═══ DATA FOR THIS EXERCISE ═══

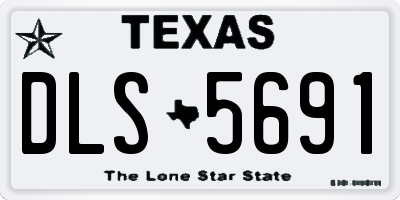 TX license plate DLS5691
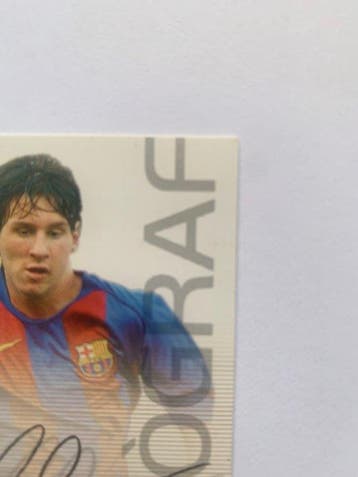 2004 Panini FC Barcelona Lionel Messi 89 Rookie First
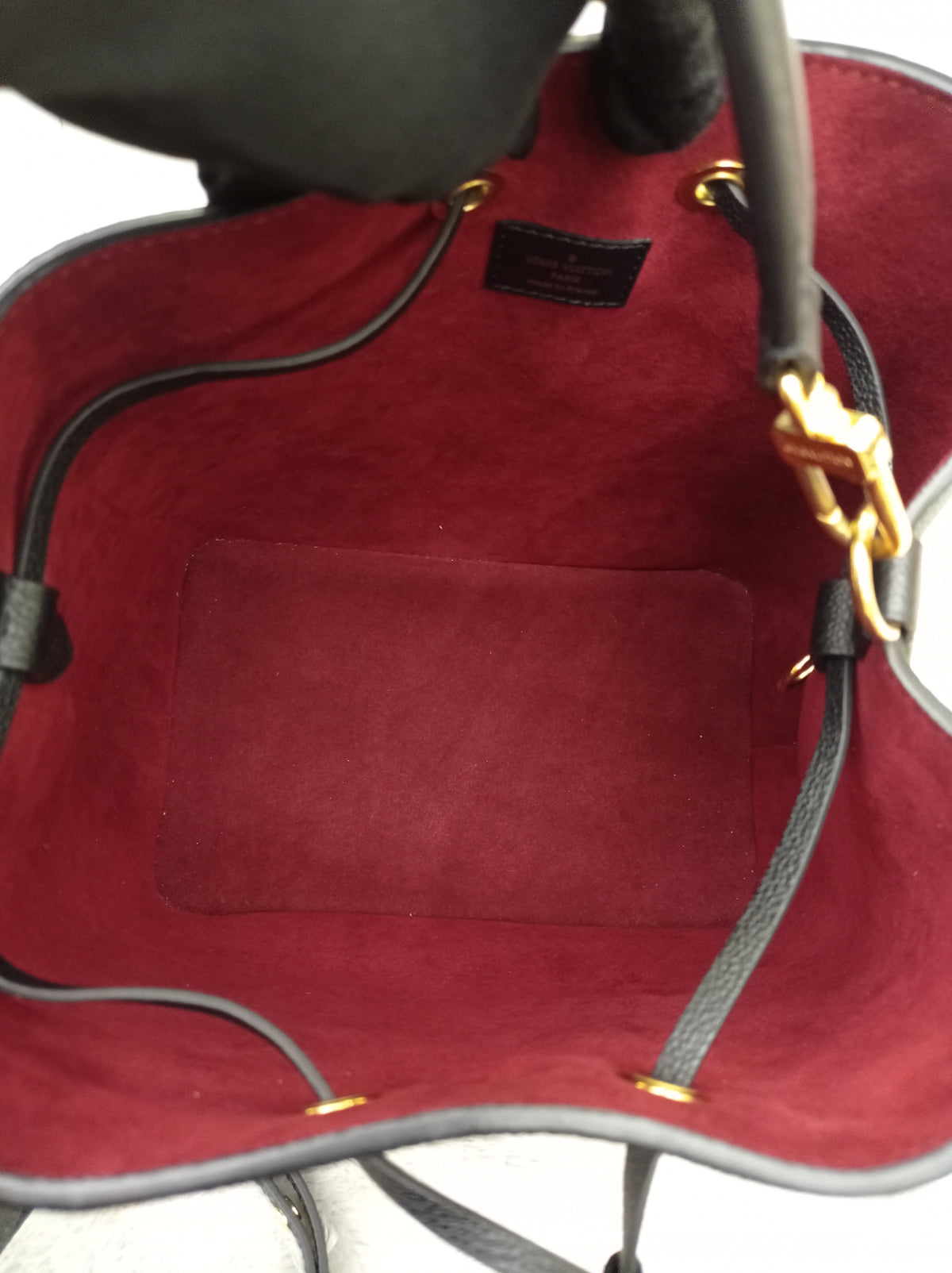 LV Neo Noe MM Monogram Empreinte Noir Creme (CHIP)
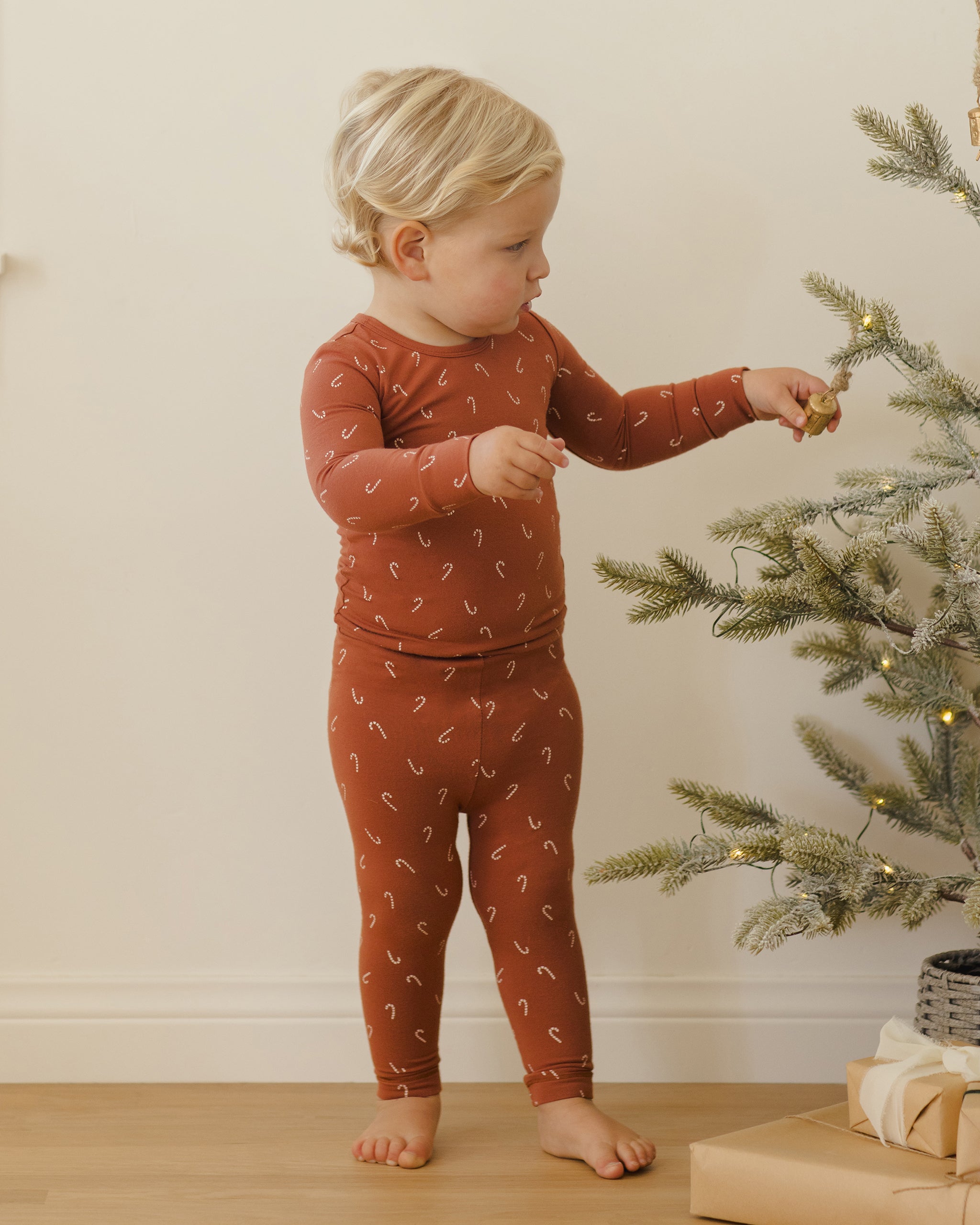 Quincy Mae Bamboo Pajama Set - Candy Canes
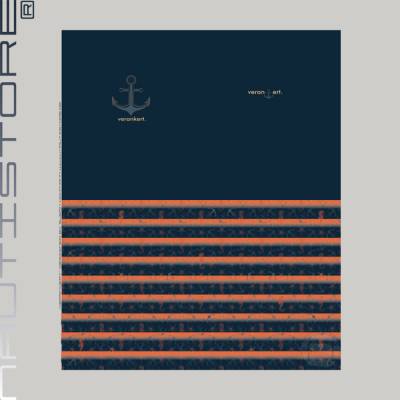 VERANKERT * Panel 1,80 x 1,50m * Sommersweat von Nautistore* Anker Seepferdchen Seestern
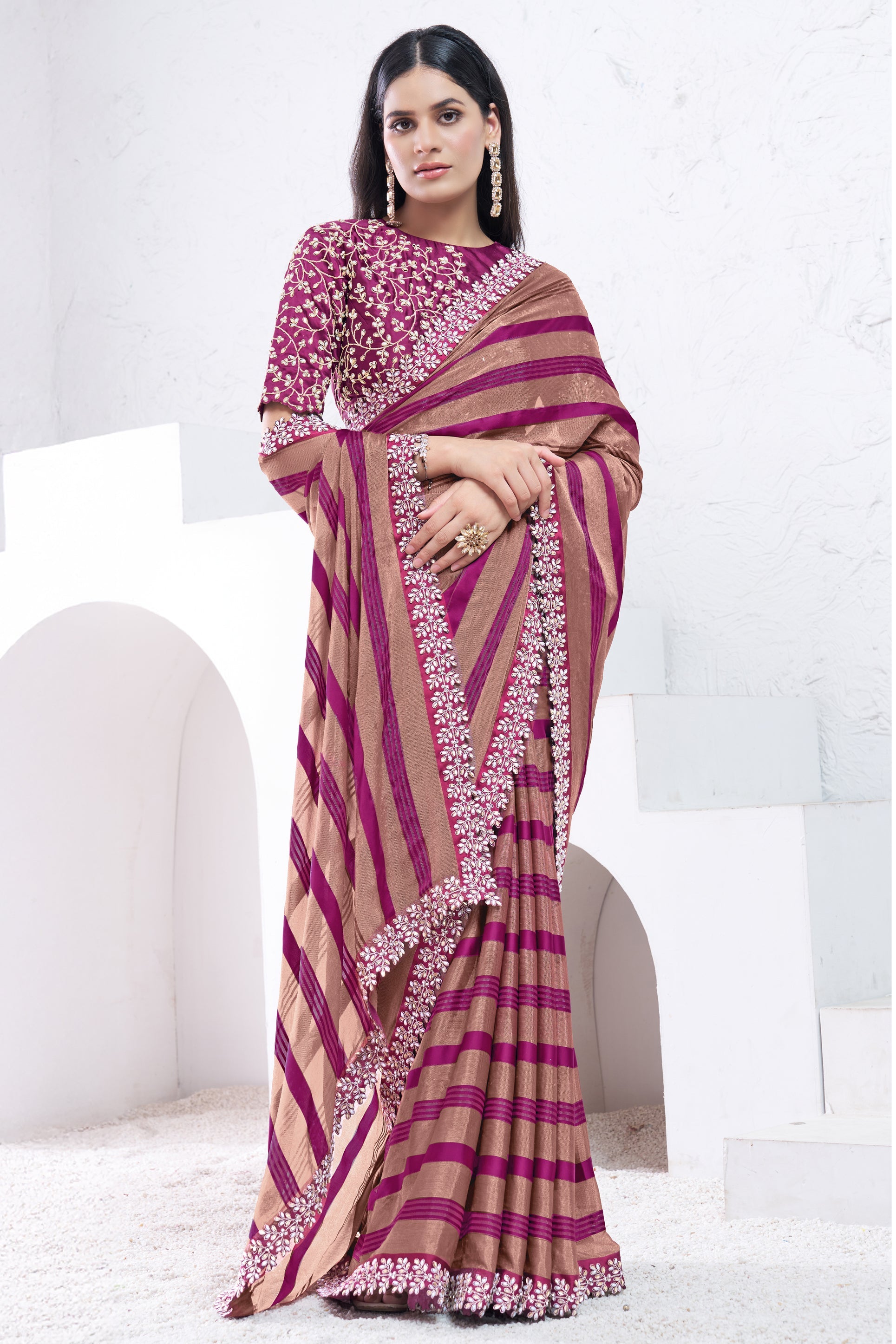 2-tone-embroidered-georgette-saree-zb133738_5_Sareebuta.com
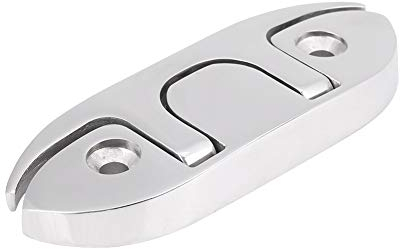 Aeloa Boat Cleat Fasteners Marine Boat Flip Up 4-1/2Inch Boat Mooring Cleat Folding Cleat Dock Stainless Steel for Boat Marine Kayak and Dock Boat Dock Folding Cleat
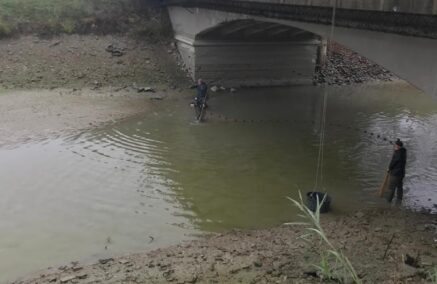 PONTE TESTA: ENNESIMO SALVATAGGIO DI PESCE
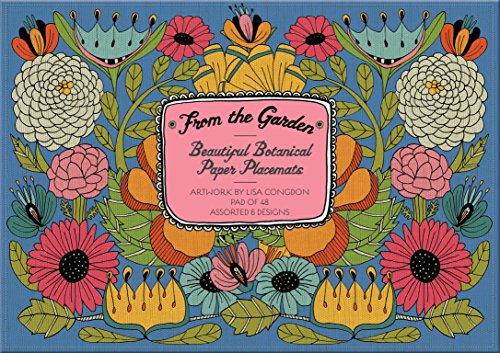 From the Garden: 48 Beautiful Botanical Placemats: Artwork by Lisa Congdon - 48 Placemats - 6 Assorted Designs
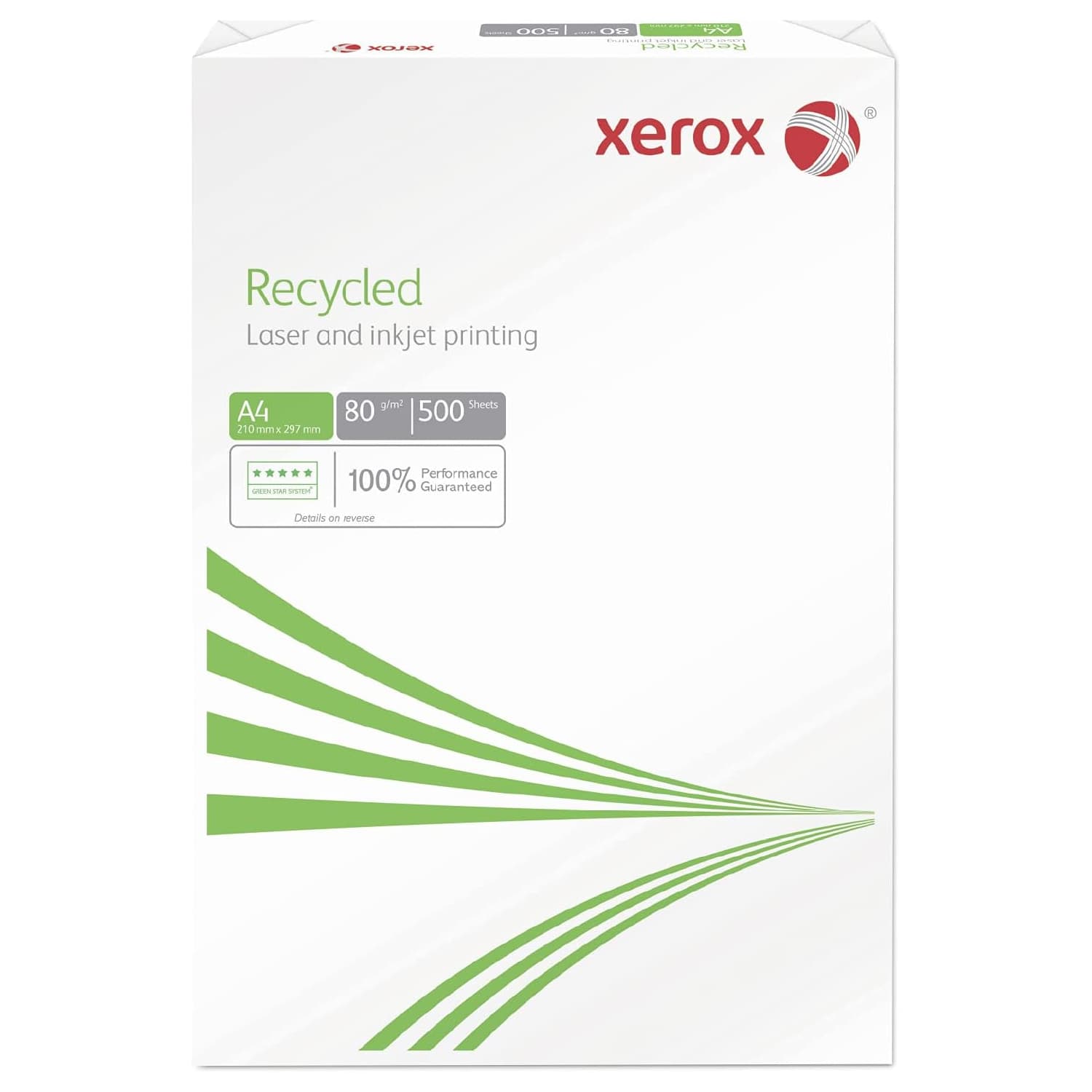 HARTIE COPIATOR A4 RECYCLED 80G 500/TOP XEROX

═══

### EXERCISE BRIEF
The whole of the data above needs retyping exactly, with pictures omitted.

### WRITTEN RESPONSE
 TX license plate DLS5691
 2004 Panini FC Barcelona Lionel Messi 89 Rookie First
 LV Neo Noe MM Monogram Empreinte Noir Creme (CHIP)
 Quincy Mae Bamboo Pajama Set - Candy Canes
 VERANKERT * Panel 1,80 x 1,50m * Sommersweat von Nautistore* Anker Seepferdchen Seestern
 2-tone-embroidered-georgette-saree-zb133738_5_Sareebuta.com
 Aeloa Boat Cleat Fasteners Marine Boat Flip Up 4-1/2Inch Boat Mooring Cleat Folding Cleat Dock Stainless Steel for Boat Marine Kayak and Dock Boat Dock Folding Cleat
 PONTE TESTA: ENNESIMO SALVATAGGIO DI PESCE
 From the Garden: 48 Beautiful Botanical Placemats: Artwork by Lisa Congdon - 48 Placemats - 6 Assorted Designs
 HARTIE COPIATOR A4 RECYCLED 80G 500/TOP XEROX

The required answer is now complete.